A user's typical interaction with computer systems involves receiving content many times a day through various channels. Some examples of content users are likely to be exposed to include communications with other users (e.g., video conversations and instant messages), communications with a computer (e.g., interaction with a user's virtual agent), and/or various forms of digital media (e.g., internet sites, television shows, movies, and/or interactive computer games). Throughout these interactions, it can be beneficial for the computer systems to measure the user's affective response in order to gain valuable information on how the user feels.
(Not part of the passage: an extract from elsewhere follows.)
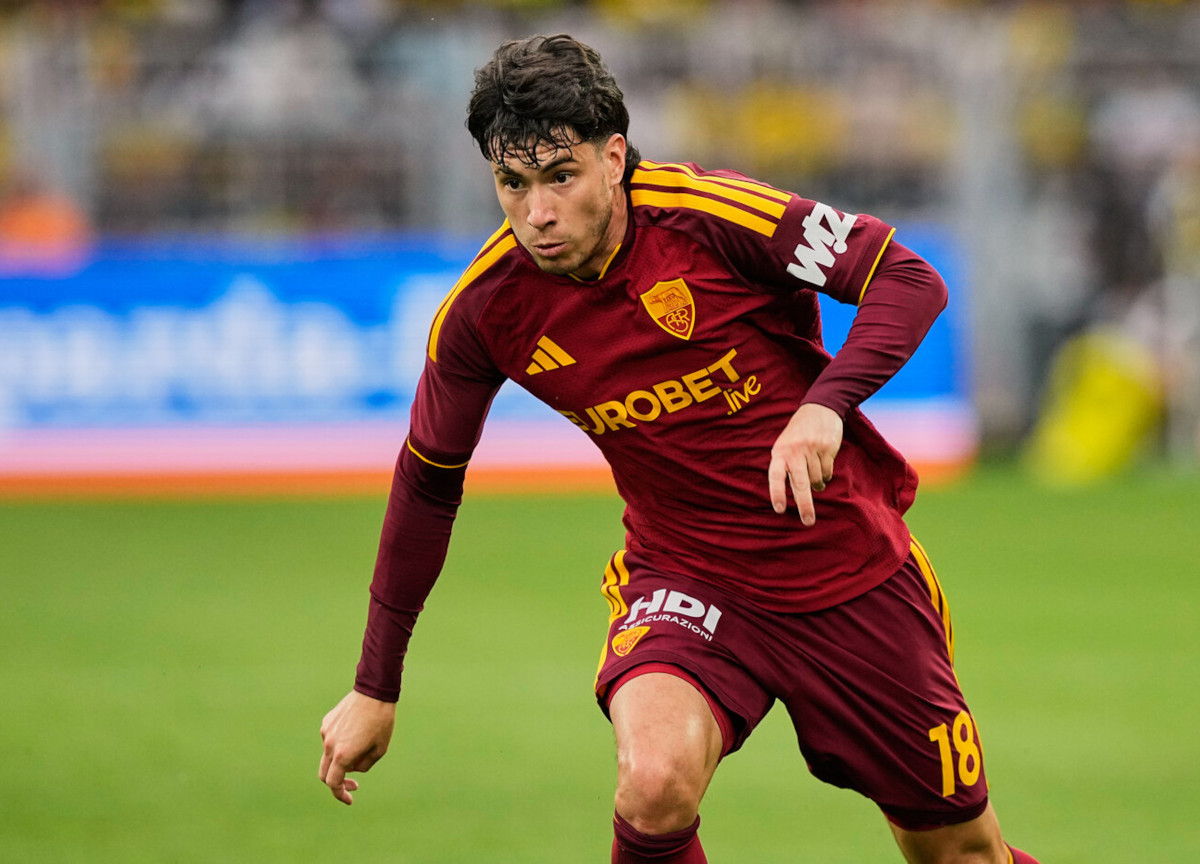 Ultime di calciomercato, Milan e Juventus pescano dalla Premier. Attenzione a Soulè, vicino l’addio alla Roma Ultime di calciomercato, Milan e Juventus pescano dalla Premier. Attenzione a Soulè, vicino l’addio alla Roma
Computer systems can utilize a wide array of sensors to measure users' affective response signals. For example, cameras and microphones are able to track a user's gestures, facial expressions and/or voice. In addition, there are various types of physiological sensors that can measure physiological signals such as heart rate, blood-volume pulse, galvanic skin response (GSR), skin temperature, respiration, or brainwave activity such as electroencephalography (EEG). These sensors come in many forms, and can be attached to, or embedded in, devices, clothing, and even implanted in the human body.
In the modern world, users are practically interacting with computer systems all day long. This can result in users having their affective response measured for long periods; consequently, copious amounts of data may be generated. This raises several issues concerning the computational resources a computer system may have to consume in order to process and/or transmit the collected data. For example, sensors like cameras or EEG sensors often produce many high dimensional data points. Processing this data, such as filtering, analyzing, extracting features, compressing, and/or encrypting can require a system to perform a significant amount of computations. In addition, sensor measurement data is often collected by mobile battery powered devices, and processing and/or transmitting the data is also performed, at least in part, on mobile devices. Therefore, handling the measurement data can involve an expenditure of energy from the mobile devices' limited energy supplies.
Thus, there is a need to reduce the computational load involved in processing data that includes measurements of users' affective response signals. Unchecked expenditure of computational resources may deplete system resources and/or reduce the systems' ability to operate effectively when needed; this can ultimately end up reducing the quality of information and/or services the computer systems are able to provide their users.